AMA -- Under the Microscope

After the recent, ongoing move by the Academy of Model Aeronautics to terminate all Americans' rights to fly RC models outside of a national club's purview (which they claim they are the only one, see, I decided to evaluate my own membership.  I joined the AMA nearly 35 years ago.  No more.

First, I have always disliked the way the AMA discouraged model flying without an AMA membership.  Lets face it, the more people who enjoy this hobby, the better the economies of scale are for everyone.  Exercising and enjoying our basic rights as Americans is the vital reason this nation was founded.  Yet, most AMA clubs ban non-members from materially participating, including competitions.  This organization has always had an immense arrogance problem.

I'm sure some will say, "we prohibit others to exercise their right to fly RC models for our own club members' protection," because not only are we safer than everyone else even if their experience level dwarfs our own, but along with AMA membership comes liability insurance.  The AMA's attempt to jam through legislation that ends the right of Americans to enjoy RC flying has caused me to step back and examine the legitimacy of that claim.  In my opinion, it turns out, that AMA members have no significant insurance.  Have you examined the policy's small print posted on the AMA website?  What a scam--read it carefully for a belly laugh.

Here are a few examples when the AMA refuses to pay:
  1. You lose control of the model for any reason
  2. You lose sight of the model
  3. You do not possess a permit to fly the model at that location
  4. You injure a family member or yourself
  5. You injure someone on your property
  6. Your have other insurance the covers the same, low per accident limits
  7. You injure someone who is engaged in physical activity of any kind
  8. The list goes on... and on... and on
    Essentially, every reasonable way you might crash a model and the most likely people you might injure, and then some, are not covered.

    The more I look into this organization, the more I realize they are a dues-focused scam that are only working hard to snatch away the rights of everyday Americans just to pump a few dollars into a dwindling bottom line.  Please consider saving your money by CNX'ing this un-American outfit trying to outlaw RC flying in the U.S. sans paid protection money. 

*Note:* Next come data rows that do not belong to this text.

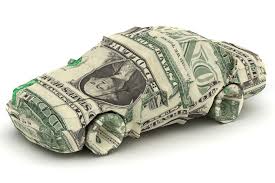 You might not be able to get a car loan: What Do I Do With My Totaled Car Cargurus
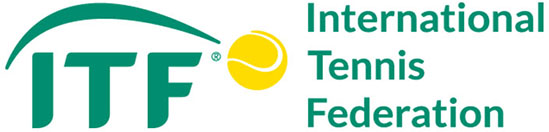 ITF International Tennis Federation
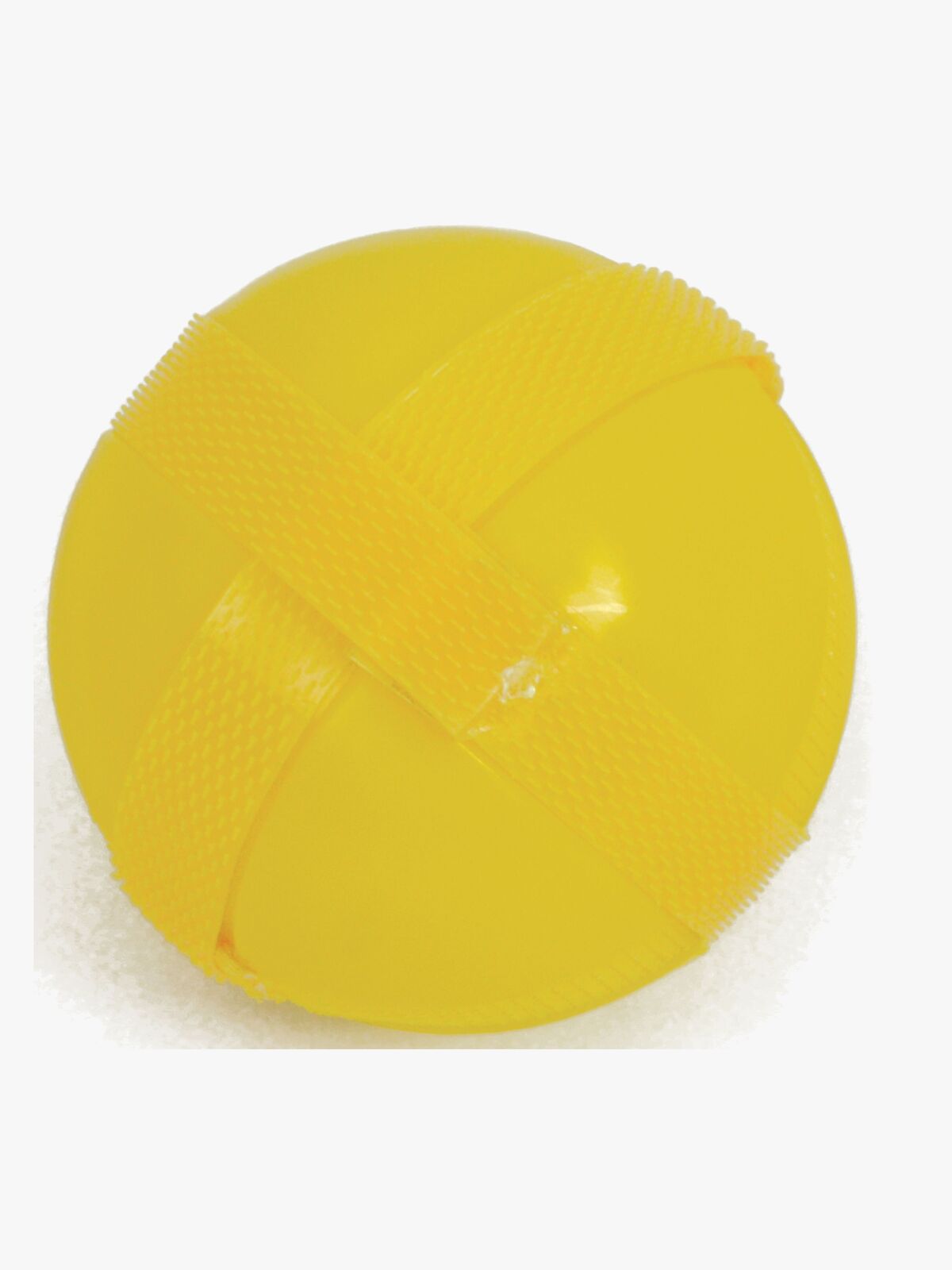 SDT-970354-4796_3d.jpg
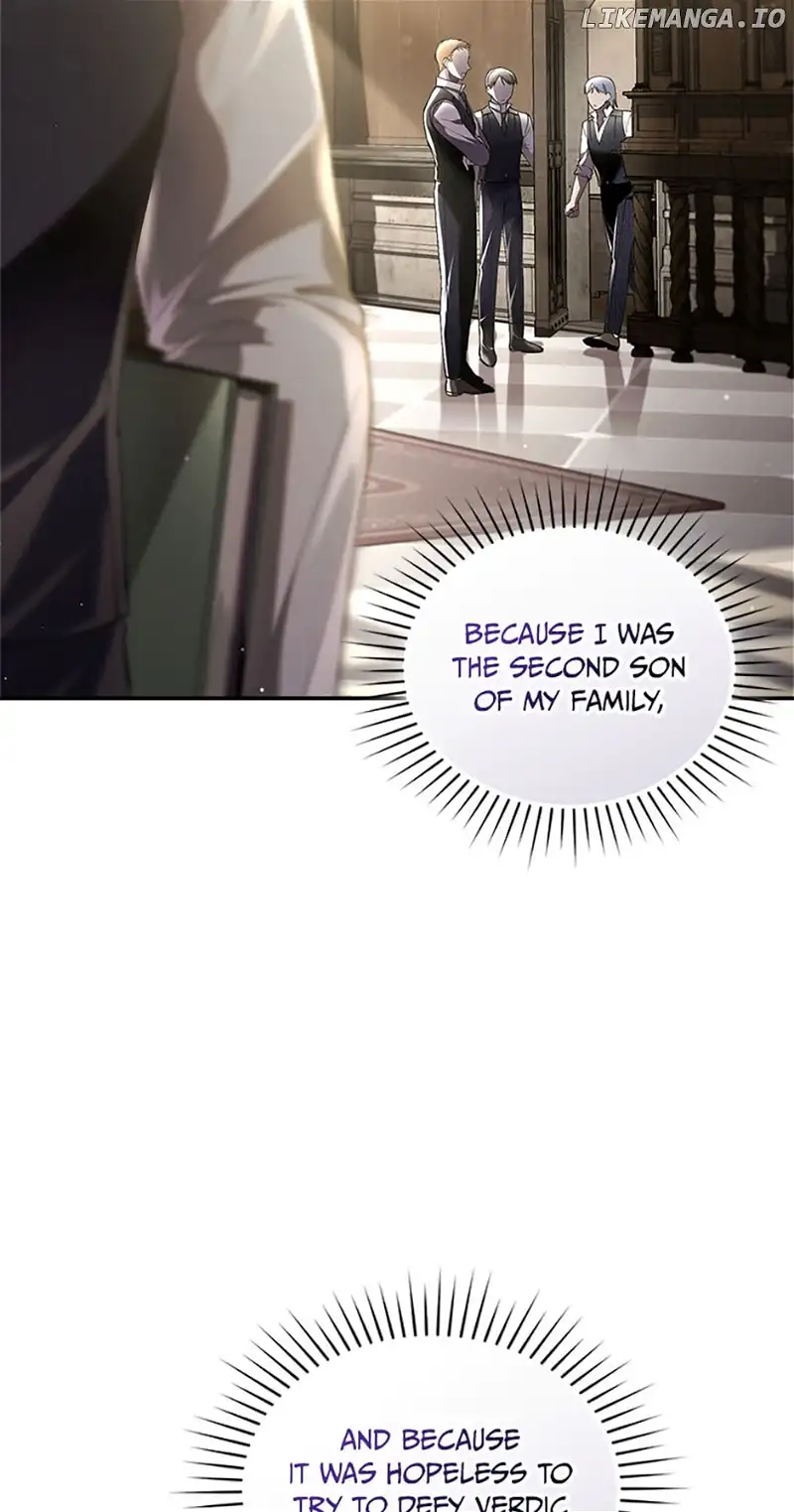 Read Resetting Lady Manga Online
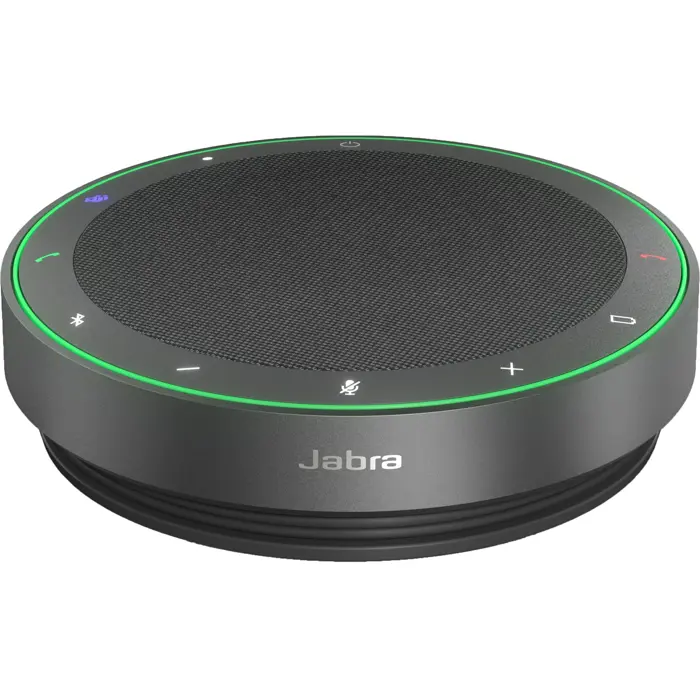 jabra-speak2-75-hands-free-solution-black-ms-teams-usb-c-usb-89978-2775-329-w.webp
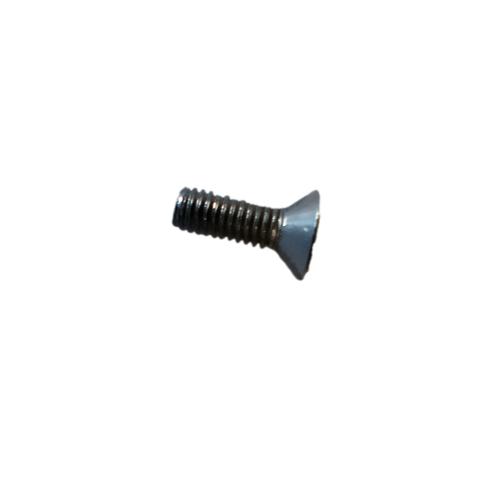 Symmons LN-134 Oval Phillips Head Screw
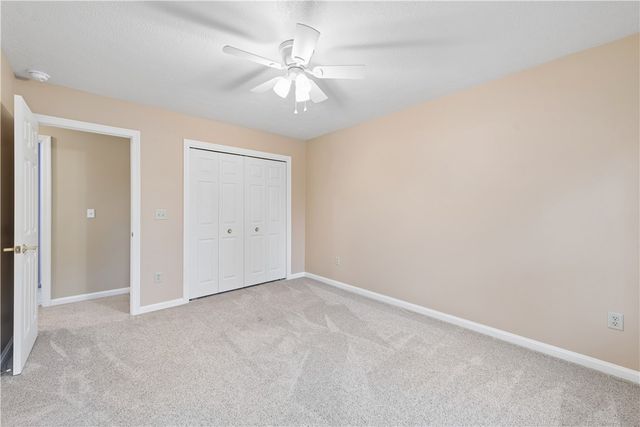 3819 Hill Road, Hampton, PA 15101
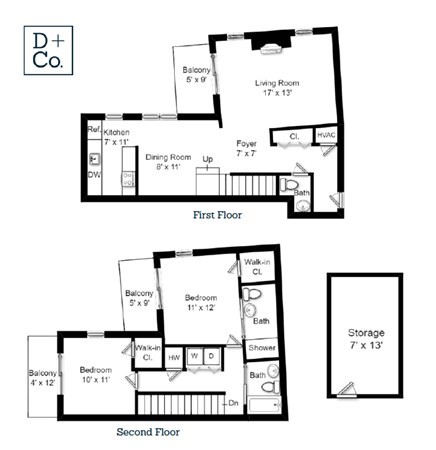 7 Conant Rd # 58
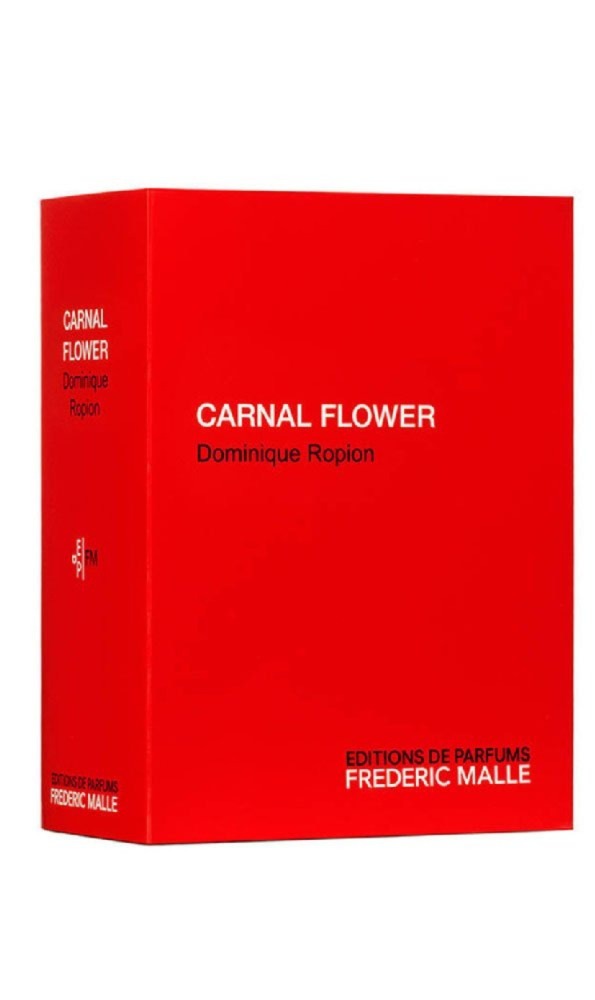 FREDERIC MALLE CARNAL FLOWER (U) EDP 100ML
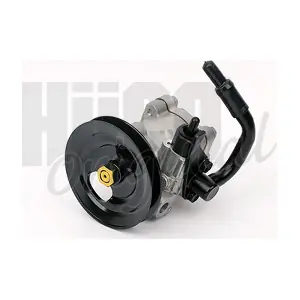 133663 ASTEMO-HITACHI
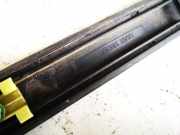 Zierleiste Tür Zier-Schutzleiste - Vorne Linke SAAB 9-5, 1997.09 - 2005.11 5142641,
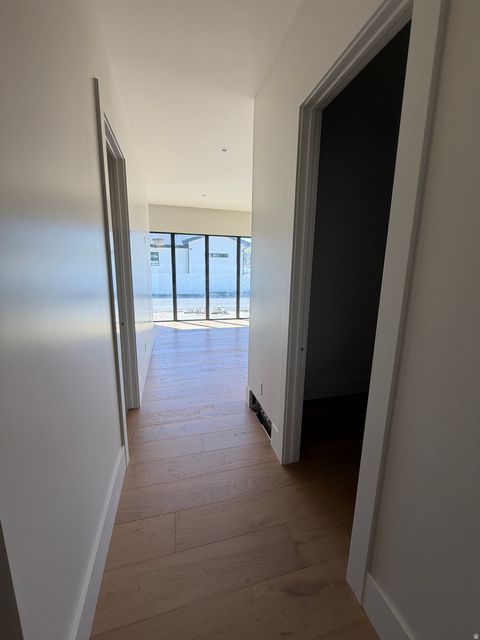 Tiny photo for 1549 E PATTERSON LN, Draper, UT 84020 (MLS # 2149942)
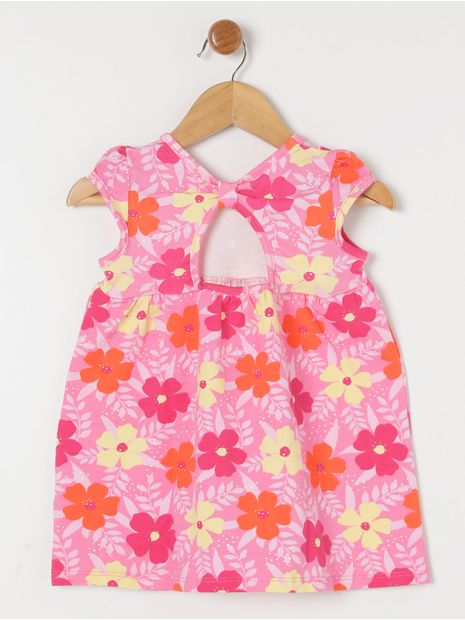 145874-vestido-bebe-dila-cotton-rosa.02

    Positives?  Of course, there is social benefit to belonging to a club.  The AMA claims they pay out some token money to communities in the form of scholarships and endowments; utterly microscopic compared to revenue--only a fraction of a percent.  That hardly requires national control, or a legal lock-down on American's trying to have fun in their free time which is the very essence of freedom.

    If you want actual liability insurance, there are a large number of insurance companies with a net worth capable of paying a claim.  The AMA is only worth about $11M according to their website, hardly enough to back 140,000 members with hard assets, or even just one large claim, without folding.  Real umbrella liability insurance is quite inexpensive and it covers all of your activities.